Any review of the chip industry is not complete without considering Intel (INTC). The company has been a great powerhouse and included legendary figures such as Andy Grove, Gordon Moore and Robert Noyce in its ranks.
The key question is Intel’s past more glorious than its future?
We will consider aspects of the history of the company before taking a more detailed look at the current situation.
Introduction
Vacuum Tubes vs Transistors
The modern world is run by billions of transistors found in all types of electric devices. They are the atoms of modern-day computing, combining to create the “logic gates” that enable computation. The invention of the transistor in 1947 opened the door to the modern information age.
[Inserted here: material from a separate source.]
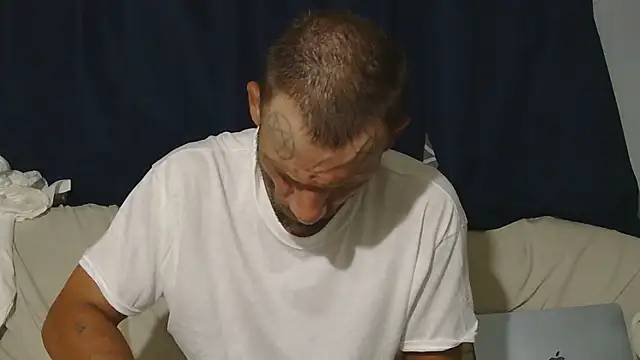 STIFFY-WOOD Show in webcam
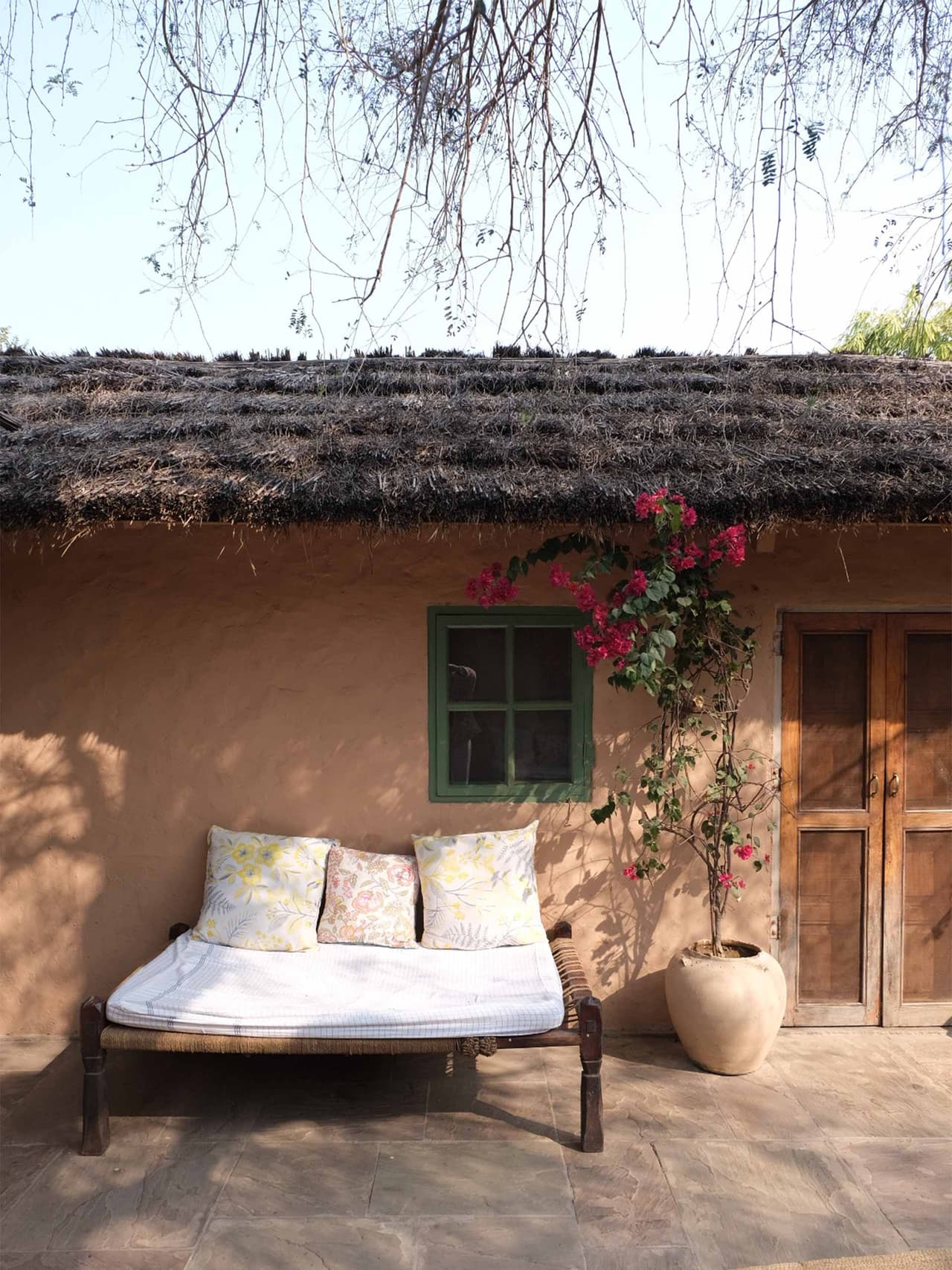 jaipur-holding-2-anopura Image: Anopura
The computer pre-dates the transistor. Early computers such as the ENIAC (see below) were rudimentary systems which took up entire rooms and weighed thousands of pounds and were made up of vacuum tubes. Vacuum tubes are based on a phenomenon called thermionic emission where heating a metal knocks some electrons loose.
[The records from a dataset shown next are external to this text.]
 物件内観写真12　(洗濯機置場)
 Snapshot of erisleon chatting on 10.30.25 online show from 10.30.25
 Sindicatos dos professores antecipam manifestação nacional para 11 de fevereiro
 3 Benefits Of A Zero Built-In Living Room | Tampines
The ENIAC (Electronic Numerical Integrator and Computer was made in 1945 at the University of Pennsylvania. Source Wikipedia.
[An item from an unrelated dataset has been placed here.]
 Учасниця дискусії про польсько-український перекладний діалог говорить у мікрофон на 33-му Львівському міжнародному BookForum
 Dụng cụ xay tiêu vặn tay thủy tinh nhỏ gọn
In 1904, English physicist John Ambrose Fleming created the first vacuum tube device. The basic device is shown below
When the cathode is heated, and a positive voltage is applied to the anode, electrons flow from the cathode to the anode. This type of device with just two electrodes is called a diode. Electrons can only flow from the Cathode to Anode.
In 1907, American inventor Lee de Forest added a third electrode to create the first triode tube. The triode can be used as an amplifier of electric signals whereby a small change in grid voltage leads to large change in the plate current.
The evolution of triode vacuum tubes from a 1916 model (left) to the 1960s. The middle one is called Tesla. Image source: Wikipedia
Vacuum tubes were used for a long time, but they had limitations. They were relatively large, prone to periodic failure’ necessitating replacement, and they got hot as the filament need to be heated. Therefore, computers using vacuum tubes had to be very large, to facilitate cooling and tended to be unreliable.
In 1947, William Shockley, Walter Brattain and John Bardeen created the world’s first transistor at the legendary Bell Labs. The transistor replicated all the functions of vacuum tubes, like switching and amplification, but was made from semiconductor materials such as silicon. The invention of the transistor marked the end of the vacuum tube.
“A semiconductor material has an electrical conductivity value falling between that of a conductor, such as metallic copper, and an insulator, such as glass. Its ability to conduct electricity rises as its temperature rises; metals behave in the opposite way”. Wikipedia
John Bardeen, William Shockley and Walter Brattain developed the bipolar point contact transistor in 1947. Image Source: Wikipedia
William Shockley. Image Source: Wikipedia
Over the next three decades, scientists worked on improving the quality of transistors. William Shockley moved to Mountain View, California, won the Nobel Prize in Physics and started Shockley Semiconductor Laboratory – the first entity working on semiconductor devices in an area which later became known as Silicon Valley.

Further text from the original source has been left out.